Would you please care to explain your solution a bit more?
Thank you!
Filip
28 April, 2010 at 10:25
From what I can tell, the “QueryParseException” only happens when you’re trying to get the active user (using http://graph.facebook.com/me?access_token=…). If you use the username or ID it works.
Which kinda sucks, because you have no way of knowing who the active user is. Hope that helps.
Joshua Inkenbrandt
26 April, 2010 at 16:18
Like this you mean?:
http://graph.facebook.com/4
benbiddington
26 April, 2010 at 16:31
Yeah, if you use their ID it should work, it’s just when you’re accessing using ‘me’ that you’ll get the “QueryParseException”.
Like you pointed out earlier, the access_tokens of facebook’s docs are very different than the ones returned by OAuth.
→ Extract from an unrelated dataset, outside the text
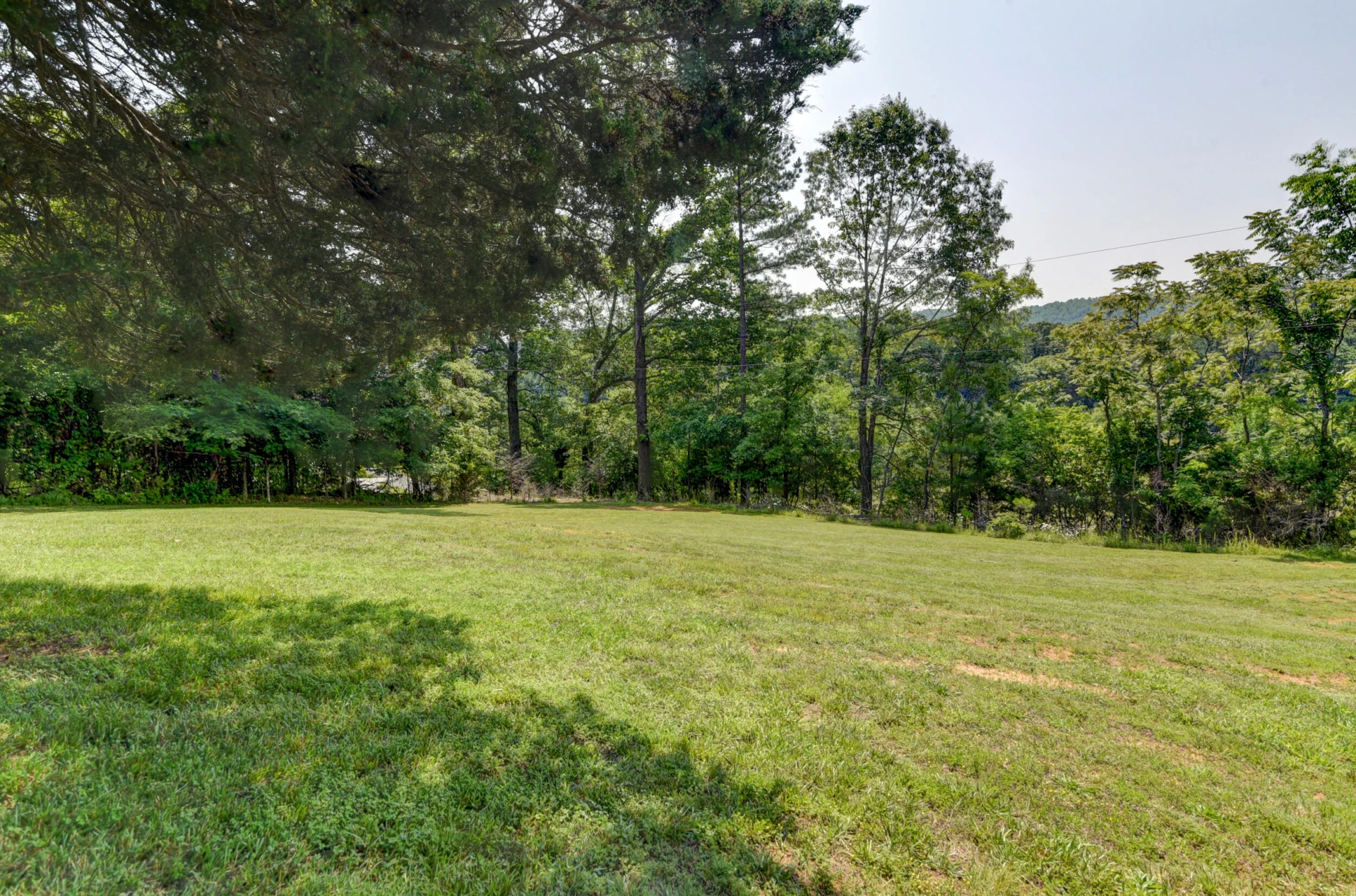 3122 Buffalo Run - Photo 44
I just can’t figure out if there’s another param we should be passing to get that type of access token, or if it’s just simply a bug at this point.
Joshua Inkenbrandt
26 April, 2010 at 17:02
Hi Joshua,
But those resources are public anyway, i.e., there appears to be no difference between:
https://graph.facebook.com/benbiddington?access_token=116122545078207|EyWJJYqrdgQgV1bfue6W320z7MM.
and:
https://graph.facebook.com/benbiddington
What am I doing wrong? Do you have an example?
benbiddington
26 April, 2010 at 18:19
I should have clarified. My facebook username is ‘joshink’. When I authorize my app logging in with my credentials, I can get all my information using https://graph.facebook.com/joshink?access_token=…, but if I just try to use https://graph.facebook.com/me?access_token=… it won’t work at all.
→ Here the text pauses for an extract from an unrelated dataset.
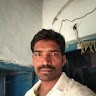 Sreenivas Nalla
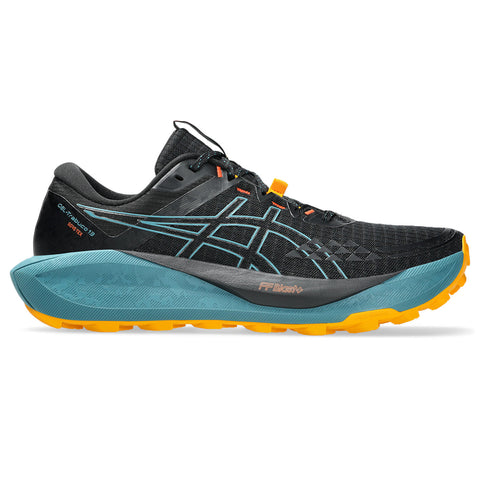 Asics Gel-Trabuco 13 GTX Mens Trail Running Shoes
So what I was trying to say is that you can use the graph api __if__ you know the id of the authenticated user. Does that make sense?
Joshua Inkenbrandt
26 April, 2010 at 18:30
Sure but does using the token give you any more information?
For me I get the same whether I use the token or not.
Does your request look like?:
https://graph.facebook.com/benbiddington?access_token=116122545078207|
EyWJJYqrdgQgV1bfue6W320z7MM.
I am still missing something…
benbiddington
26 April, 2010 at 19:18
The results differ in only some cases. If you grant your app extended permissions you should see your email address when you query your user id “https://graph.facebook.com/USERID?access_token=…” If you try the same request without the access token the email address will not appear.
However, I still can’t get some of the other extended permissions to work. The friends query “https://graph.facebook.com/USERID/friends?access_token=…” returns the following error message: “An access token is required to request this resource.”
Alex
26 April, 2010 at 20:06
What Alex said. If you grant yourself permissions, you’ll see more stuff (or at least you should). Also, it just shows that the access_token will at least work if you know who you’re authorized as.
Their API is pretty much useless at this point, though.
Joshua Inkenbrandt
26 April, 2010 at 20:43
Aha! I see, and the ‘me’ alias only works for the currently signed-in user. It also has that session part in the middle that is valid only while the current user is signed in (has auth cookie).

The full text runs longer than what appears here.